I just tested with max-concurrency 1, it does help
Yes, but if you’ve got a big machine and want to use the cores, that’s not a great solution. It’s both good and bad to hear others are having the same issue.
Since I just encountered this issue again today, I took some time to test. I believe it has something to do with the noisy opensfm reconstruction (the image I posted above). So I manually removed those noisy points(simply remove points 130m away from the closest camera), and run openmvs again. This time it showed warnings and errors about some images are not legit, selected 118 out 138 images to move on, but the process went smoothly. I’m not sure exactly what’s going on in openmvs, but hope this could provide some insight to figure out this issue, thanks.
Very interesting. What settings (especially neighbor and images search distance settings are you using?
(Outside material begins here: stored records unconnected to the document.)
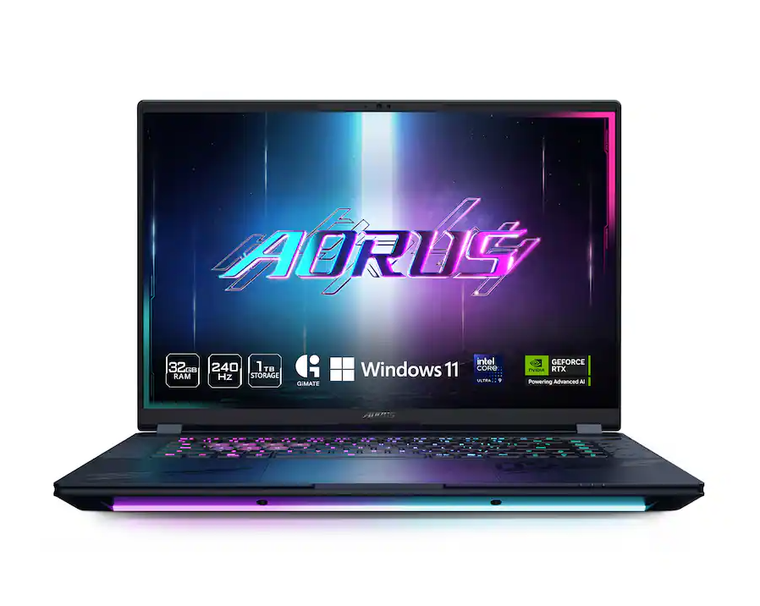 GIGABYTE AORUS MASTER 16" Ultra 9 275HX 1TB SSD 32GB DDR5 RTX 5080 Gaming Laptop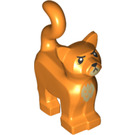 LEGO Orange Standing Katze mit Lange Schwanz mit Angry Gesicht (79149 / 80829)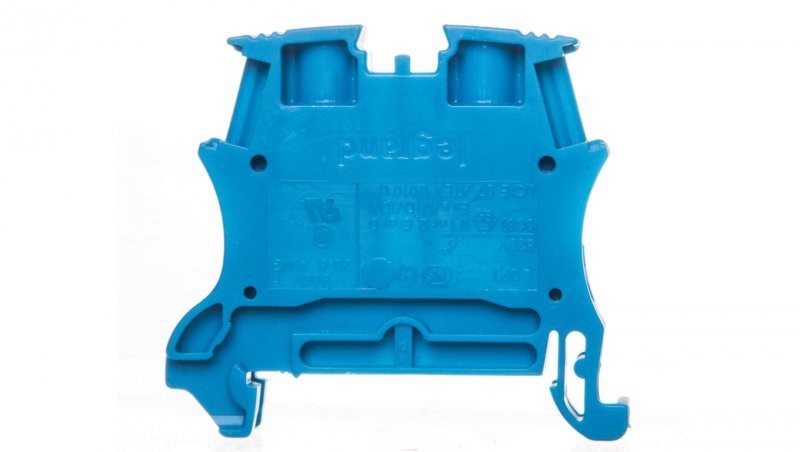 Legrand Złączka szynowa 2-przewodowa 6mm2 niebieska 037102 037102
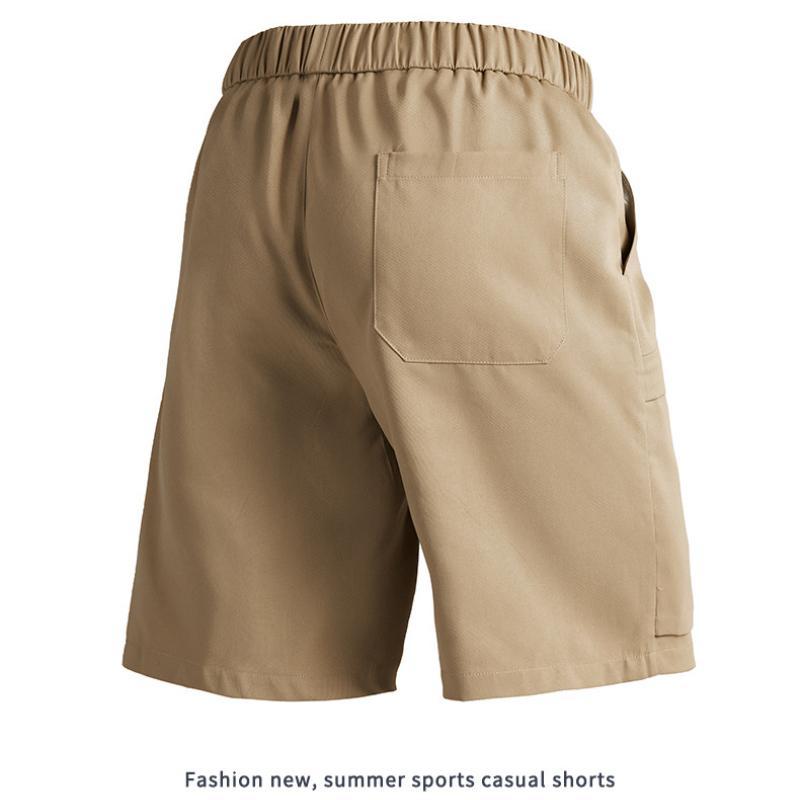 Мужские летние пляжные шорты, повседневные шорты с завязками, шорты-карго с несколькими карманами, мужские короткие брюки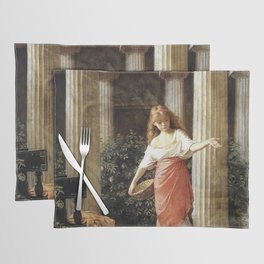 In the Peristyle Painting John William Waterhouse  Placemat
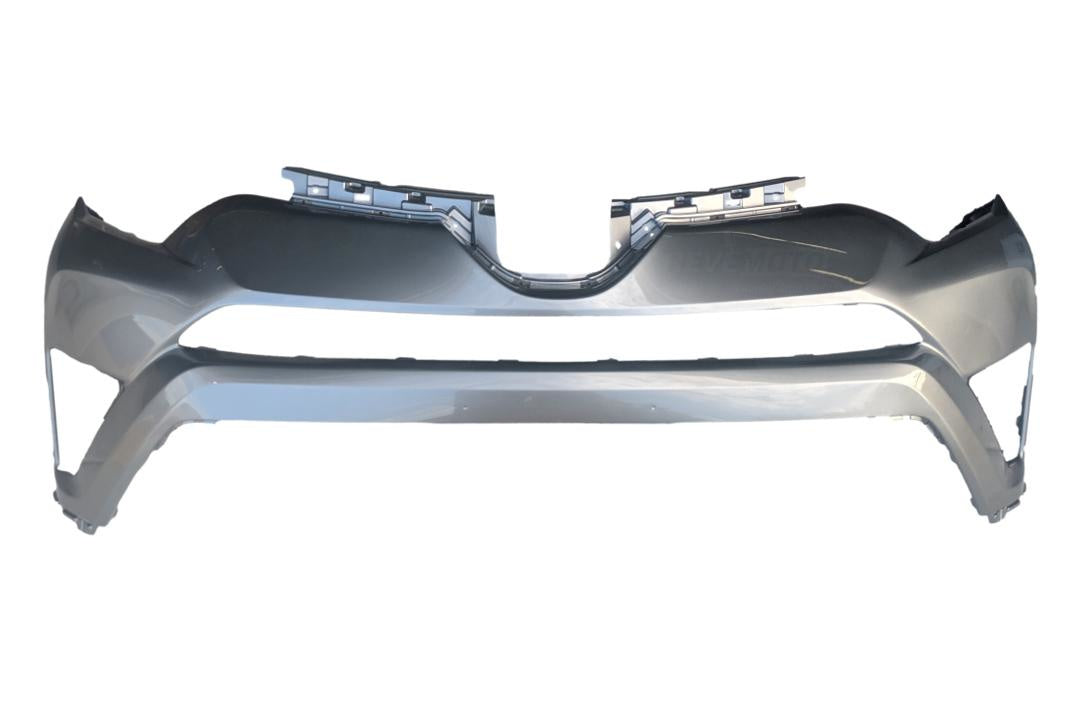 Painted Front Bumper Cover for 2016-2018 Toyota RAV4 (Aftermarket) Silver Sky Metallic (1D6) 521190R914 TO1014105 ReveMoto Painted Auto Parts Replacement 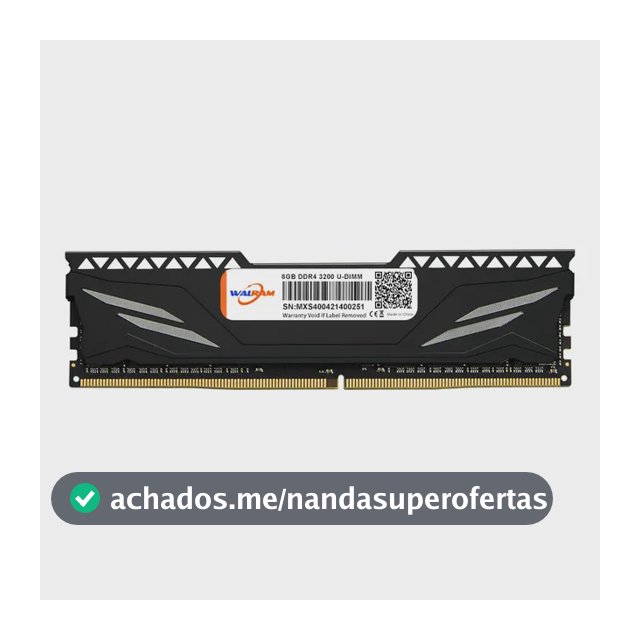 Memória Ram Ddr4 8 Gb 3200 Mhz Para Pc De Mesa Com Dissipador 1.5 V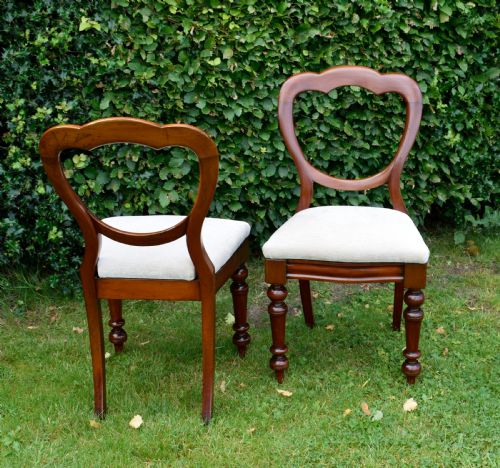 PAIR OF VICTORIAN CROWN BACK CHAIRS - ADDITIONAL PHOTO 12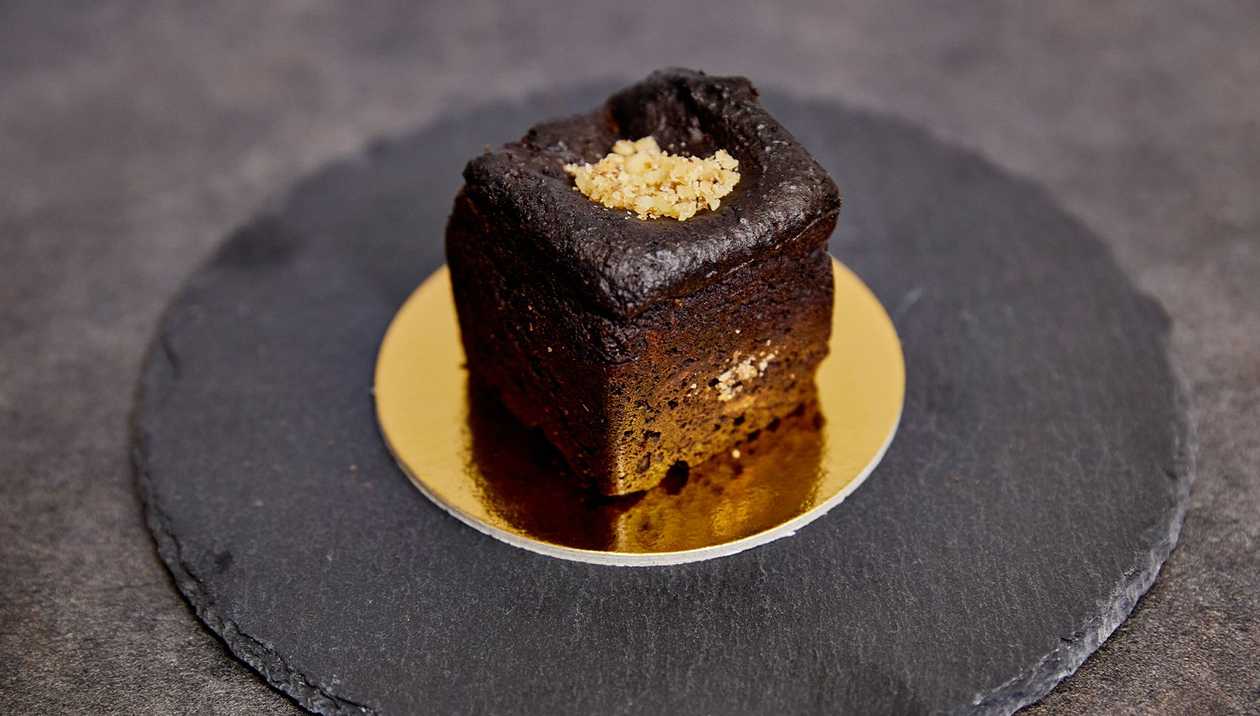 Keto vegan brownie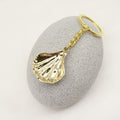 Acrylic Shell Two-Tone Cloud Scallop Keychain DIY Bag Charm view 3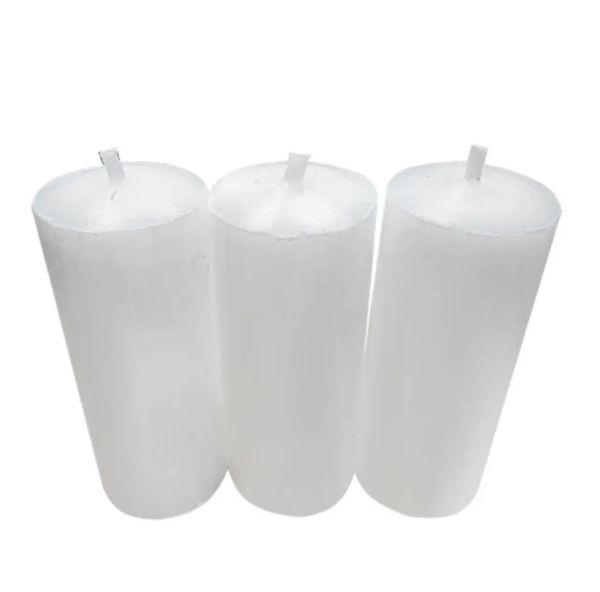 Свеча парафиновая хозяйственная - 360 г - Белая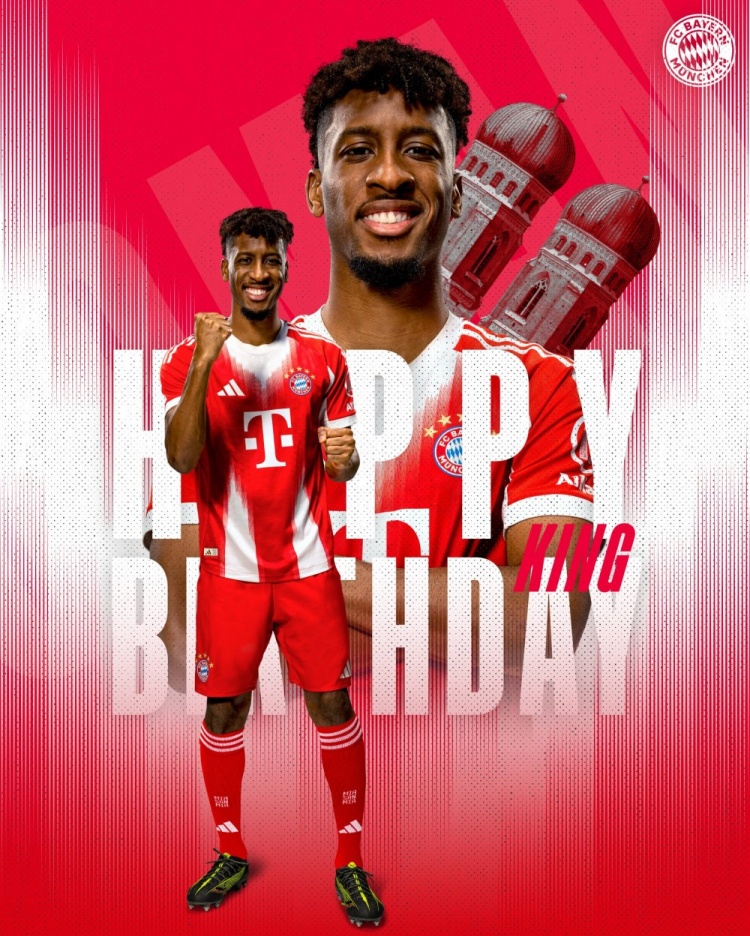 拜仁?？坡?9歲生日快樂，球員加盟以來出戰(zhàn)335場70球69助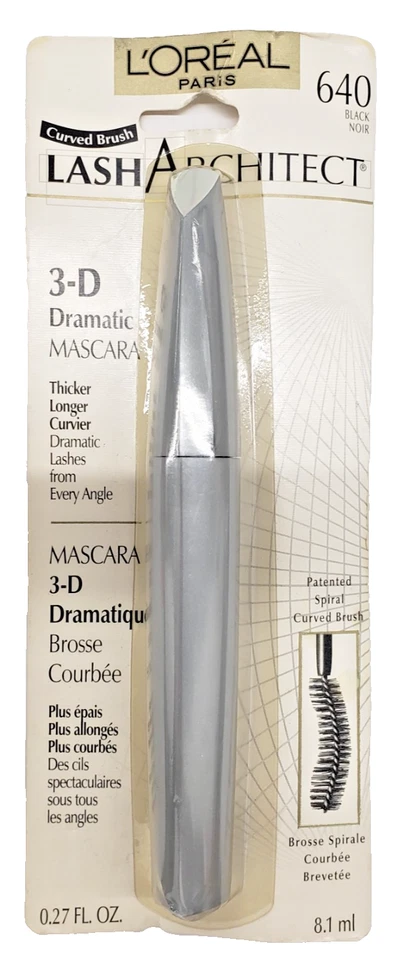 NEW L'OREAL 3-D DRAMATIC THICK EYE LASHES -640 BLACK - Image 1 of 1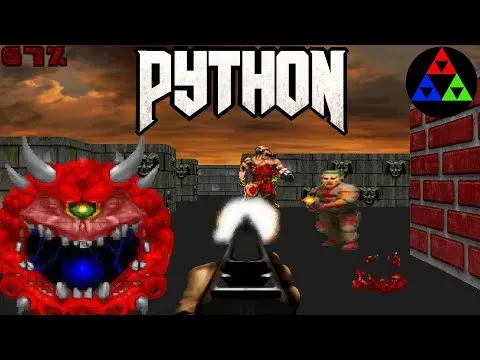 Creating a DOOM (Wolfenstein) - style 3D Game in Python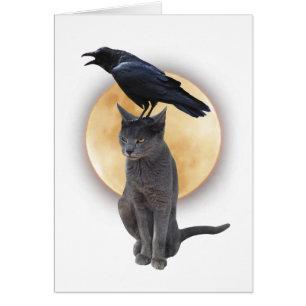 Cat Raven Moon Kaart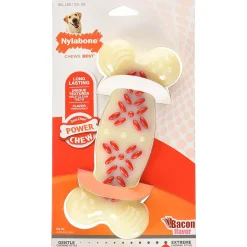 Nylabone Power Chew Action Ridges Dog Toy Bacon XL/Souper - 50+ lbs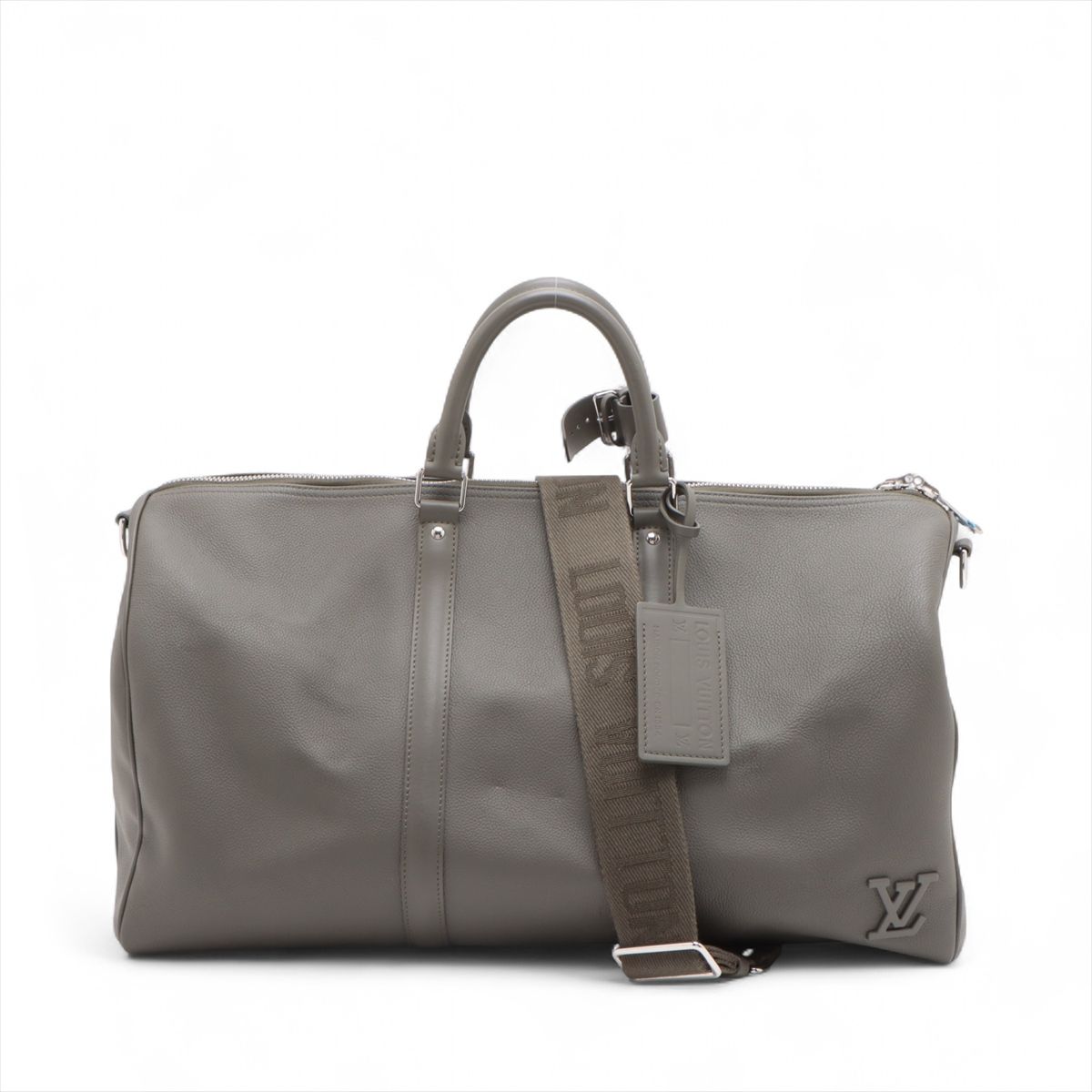 Boston Bags - 【中古】ヴィトン LVアエログラム キーポルバンドリエール50 M21536 カーキ RFID反応あり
I’m realizing I didn’t start seeing this until I started to use clusters of streetview images with exotic matcher neighbors and matcher distance settings.
Normally I use matcher-neighbors 24 or matcher-distance 150
So, you could be getting matches that are too aggressive too. Out of curiousity, what is your matcher? FLANN (default) or BOW?
Could be, I’ll run some tests. I use FLANN
This is helpful. I am seeing something similar. How do you go about removing these points?
I edited the
reconstruction.json before running openmvs stage, remove the outlier points. Since there are lots of points, I wrote a python script to do it.
Have that in a gist or something somewhere you could share?